Oct 05, 2017: Visit to Basilica of Annunciation at Nazreth, Israel

The Church of the Annunciation, sometimes also referred to as the Basilica of the Annunciation, is a church in Nazareth, in northern Israel. It was established over the site where the house of Virgin Mary, and where angel Gabriel appeared to her and announced that she would conceive and bear the Son of God, Jesus – an event known as the Annunciation. For this reason, the site and the city of Nazareth are among the most sacred places in the Christian world.

The church was established at the site where the Annunciation took place. Greek Orthodox tradition holds that this event occurred while Mary was drawing water from a local spring in Nazareth, and the Greek Orthodox Church of the Annunciation was erected at that alternate site.

 

 

 

 

 

The current church is a two-story building constructed in 1969 over the site of an earlier Byzantine-era and then Crusader-era church. Inside, the lower level contains the Grotto of the Annunciation, believed by many Christians to be the remains of the original childhood home of Mary. Under Roman Catholic canon law, the church enjoys the status of a minor basilica. A historically significant site, considered sacred within some circles of Christianity, particularly Catholicism, the basilica attracts many Catholic, Anglican, and Eastern Orthodox Christian visitors every year.

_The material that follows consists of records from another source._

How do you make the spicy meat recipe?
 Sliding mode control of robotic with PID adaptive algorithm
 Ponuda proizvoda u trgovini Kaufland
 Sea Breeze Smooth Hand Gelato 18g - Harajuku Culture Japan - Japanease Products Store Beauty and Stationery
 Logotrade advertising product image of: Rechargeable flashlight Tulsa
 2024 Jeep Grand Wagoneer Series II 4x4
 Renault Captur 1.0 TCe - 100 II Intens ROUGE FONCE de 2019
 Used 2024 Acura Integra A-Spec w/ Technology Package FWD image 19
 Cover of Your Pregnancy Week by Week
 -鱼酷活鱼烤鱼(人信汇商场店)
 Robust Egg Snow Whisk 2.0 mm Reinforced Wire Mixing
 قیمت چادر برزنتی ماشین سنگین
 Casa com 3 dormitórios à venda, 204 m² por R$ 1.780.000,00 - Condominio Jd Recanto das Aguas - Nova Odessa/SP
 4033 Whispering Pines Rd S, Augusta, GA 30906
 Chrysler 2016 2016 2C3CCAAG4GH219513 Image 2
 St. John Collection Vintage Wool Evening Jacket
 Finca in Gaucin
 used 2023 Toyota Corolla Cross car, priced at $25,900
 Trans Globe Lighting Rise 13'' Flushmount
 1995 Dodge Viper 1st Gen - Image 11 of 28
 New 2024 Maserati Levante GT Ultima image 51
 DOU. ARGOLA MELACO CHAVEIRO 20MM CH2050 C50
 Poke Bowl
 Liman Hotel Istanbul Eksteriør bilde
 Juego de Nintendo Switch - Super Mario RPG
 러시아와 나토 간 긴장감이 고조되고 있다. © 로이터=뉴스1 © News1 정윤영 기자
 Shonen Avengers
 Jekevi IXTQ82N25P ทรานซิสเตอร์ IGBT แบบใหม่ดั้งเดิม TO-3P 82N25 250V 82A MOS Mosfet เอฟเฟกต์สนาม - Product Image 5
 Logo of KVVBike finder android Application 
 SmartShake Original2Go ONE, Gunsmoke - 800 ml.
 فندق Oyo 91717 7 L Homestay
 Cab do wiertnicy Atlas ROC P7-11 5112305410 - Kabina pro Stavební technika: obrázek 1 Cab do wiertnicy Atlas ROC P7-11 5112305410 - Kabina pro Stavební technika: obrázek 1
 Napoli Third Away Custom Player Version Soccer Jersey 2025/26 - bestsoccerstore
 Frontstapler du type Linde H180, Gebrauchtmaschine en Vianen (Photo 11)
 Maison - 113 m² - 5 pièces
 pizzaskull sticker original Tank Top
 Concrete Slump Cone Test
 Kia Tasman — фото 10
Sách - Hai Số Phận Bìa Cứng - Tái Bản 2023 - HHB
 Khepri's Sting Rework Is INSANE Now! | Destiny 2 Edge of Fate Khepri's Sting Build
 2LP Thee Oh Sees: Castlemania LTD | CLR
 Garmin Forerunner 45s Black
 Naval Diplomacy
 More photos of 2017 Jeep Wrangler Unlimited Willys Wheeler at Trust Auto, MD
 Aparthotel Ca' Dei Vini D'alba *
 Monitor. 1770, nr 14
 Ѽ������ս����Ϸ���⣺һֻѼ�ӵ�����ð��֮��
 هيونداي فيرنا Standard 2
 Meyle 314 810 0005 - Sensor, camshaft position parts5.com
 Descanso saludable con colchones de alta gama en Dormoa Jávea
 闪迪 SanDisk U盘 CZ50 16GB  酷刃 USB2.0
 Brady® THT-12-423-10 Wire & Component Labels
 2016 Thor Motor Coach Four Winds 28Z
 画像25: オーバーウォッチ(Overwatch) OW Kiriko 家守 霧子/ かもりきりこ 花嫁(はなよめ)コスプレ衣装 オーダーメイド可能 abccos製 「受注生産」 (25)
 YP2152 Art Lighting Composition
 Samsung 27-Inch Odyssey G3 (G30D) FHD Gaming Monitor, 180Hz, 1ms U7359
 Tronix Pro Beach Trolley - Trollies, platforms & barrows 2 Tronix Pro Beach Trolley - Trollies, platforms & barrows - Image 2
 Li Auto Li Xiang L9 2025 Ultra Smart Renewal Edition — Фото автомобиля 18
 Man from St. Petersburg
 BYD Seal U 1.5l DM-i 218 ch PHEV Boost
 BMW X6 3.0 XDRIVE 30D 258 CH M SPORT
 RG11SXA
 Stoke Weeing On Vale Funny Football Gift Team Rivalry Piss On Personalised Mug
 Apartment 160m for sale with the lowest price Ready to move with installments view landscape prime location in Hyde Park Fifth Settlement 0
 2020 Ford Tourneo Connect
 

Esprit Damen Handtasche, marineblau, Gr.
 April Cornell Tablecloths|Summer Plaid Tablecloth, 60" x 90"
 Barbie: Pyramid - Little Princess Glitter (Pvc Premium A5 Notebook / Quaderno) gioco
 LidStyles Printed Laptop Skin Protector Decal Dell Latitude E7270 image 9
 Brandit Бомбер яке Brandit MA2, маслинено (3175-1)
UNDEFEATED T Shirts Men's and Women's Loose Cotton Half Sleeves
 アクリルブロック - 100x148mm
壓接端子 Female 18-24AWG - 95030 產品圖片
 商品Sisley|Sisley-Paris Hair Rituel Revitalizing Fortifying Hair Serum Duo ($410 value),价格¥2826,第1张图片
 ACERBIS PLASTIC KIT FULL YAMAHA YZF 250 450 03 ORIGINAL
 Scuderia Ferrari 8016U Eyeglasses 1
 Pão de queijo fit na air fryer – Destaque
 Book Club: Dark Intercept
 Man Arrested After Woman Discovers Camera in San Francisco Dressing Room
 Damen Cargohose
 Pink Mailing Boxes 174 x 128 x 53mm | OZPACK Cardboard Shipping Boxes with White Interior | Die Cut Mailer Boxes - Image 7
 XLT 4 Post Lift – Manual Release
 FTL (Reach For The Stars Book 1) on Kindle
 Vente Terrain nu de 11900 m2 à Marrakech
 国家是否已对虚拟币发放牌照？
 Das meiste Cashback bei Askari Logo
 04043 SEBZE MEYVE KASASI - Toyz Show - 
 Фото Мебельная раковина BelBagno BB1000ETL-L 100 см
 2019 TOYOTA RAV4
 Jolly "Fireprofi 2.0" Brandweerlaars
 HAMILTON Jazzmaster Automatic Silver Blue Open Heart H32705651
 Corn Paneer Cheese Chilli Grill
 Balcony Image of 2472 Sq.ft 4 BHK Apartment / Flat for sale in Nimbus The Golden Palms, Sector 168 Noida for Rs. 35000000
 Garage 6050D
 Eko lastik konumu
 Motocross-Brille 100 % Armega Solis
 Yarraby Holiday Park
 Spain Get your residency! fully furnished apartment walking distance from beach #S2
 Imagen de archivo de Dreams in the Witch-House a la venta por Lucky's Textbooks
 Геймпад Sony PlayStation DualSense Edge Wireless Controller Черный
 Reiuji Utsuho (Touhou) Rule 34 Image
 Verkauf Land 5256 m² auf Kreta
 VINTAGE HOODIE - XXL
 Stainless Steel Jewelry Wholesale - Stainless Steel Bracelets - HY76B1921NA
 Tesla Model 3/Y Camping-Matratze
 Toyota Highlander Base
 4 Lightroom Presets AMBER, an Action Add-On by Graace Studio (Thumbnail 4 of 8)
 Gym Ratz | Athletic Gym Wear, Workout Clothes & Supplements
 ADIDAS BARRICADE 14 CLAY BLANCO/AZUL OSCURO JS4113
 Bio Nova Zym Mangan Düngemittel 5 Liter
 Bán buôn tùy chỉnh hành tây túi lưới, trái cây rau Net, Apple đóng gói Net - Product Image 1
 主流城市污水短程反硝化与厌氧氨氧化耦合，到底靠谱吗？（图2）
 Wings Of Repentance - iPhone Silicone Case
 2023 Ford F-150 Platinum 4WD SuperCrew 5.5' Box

The first shrine was probably built sometime in the middle of the 4th century, comprising an altar in the cave in which Mary had lived. A larger structure was commissioned by Emperor Constantine I, who had directed his mother, Saint Helena, to found churches commemorating important events in Jesus Christ's life. The Church of the Annunciation was founded around the same time as the Church of the Nativity (the birthplace) and the Church of the Holy Sepulchre (the tomb). Some version of it was known to have still been in existence around 570 AD, but it was destroyed in the 7th century after the Muslim conquest of Palestine.

 

 

 

 

 

The second church was built over the ruins of the Byzantine era church during the Crusades, following the conquest of Nazareth by Tancred in 1102. The Crusader era church was never fully completed. Five Romanesque capitals carved by artists from northern France, and discovered during excavations in 1909, had not yet been installed in 1187 when news of Saladin's victory in the Battle of Hittin reached the city. Saladin granted permission to Franciscan priests to remain in Nazareth to oversee services at the church

In 1260, Baybars and his Mamluk army destroyed the church during their attack on Nazareth. A small number of Franciscans managed to stay in Nazareth until the fall of Acre in 1291. In the three centuries that followed, the Franciscans were in and out of Nazareth, depending on the local political situation, which was constantly in flux. Franciscan accounts of this period document their expulsion in 1363, their return in 1468 and a massacre of some of their members in 1542. Local Christian families with Franciscan support helped take care of the church as well during this period.

 

 

 

 

 

Emir Fakr ad-Din granted the Franciscans permission to return in 1620, at which time they constructed a small structure to enclose the holy grotto that is venerated as the house of Mary. In 1730, Zahir al-Umar permitted construction of a new church, which became a central gathering place for Nazareth Latin community. The church was enlarged in 1877, and then completely demolished in 1954 to allow for the construction of a new basilica, which was completed in 1969. The new basilica was designed by the Italian architect Giovanni Muzio, and built by the Israeli building firm Solel Boneh during the years 1960-69. Used by the Latin parish, it remains under the control of the Franciscans. It is the largest Christian sanctuary in the Middle East, and was dedicated in 1964 by Pope Paul VI.

In this Basilica is a gallery with mosaics representing some of the most important Marian devotions in different countries. Among the Marian devotions in Spain include: The Virgin of Candelaria, patron saint of the Canary Islands, the Virgin of Montserrat, patroness of Catalonia, the Virgin of the Forsaken, patroness of Valencia and the Virgin of Guadalupe, patroness of Extremadura.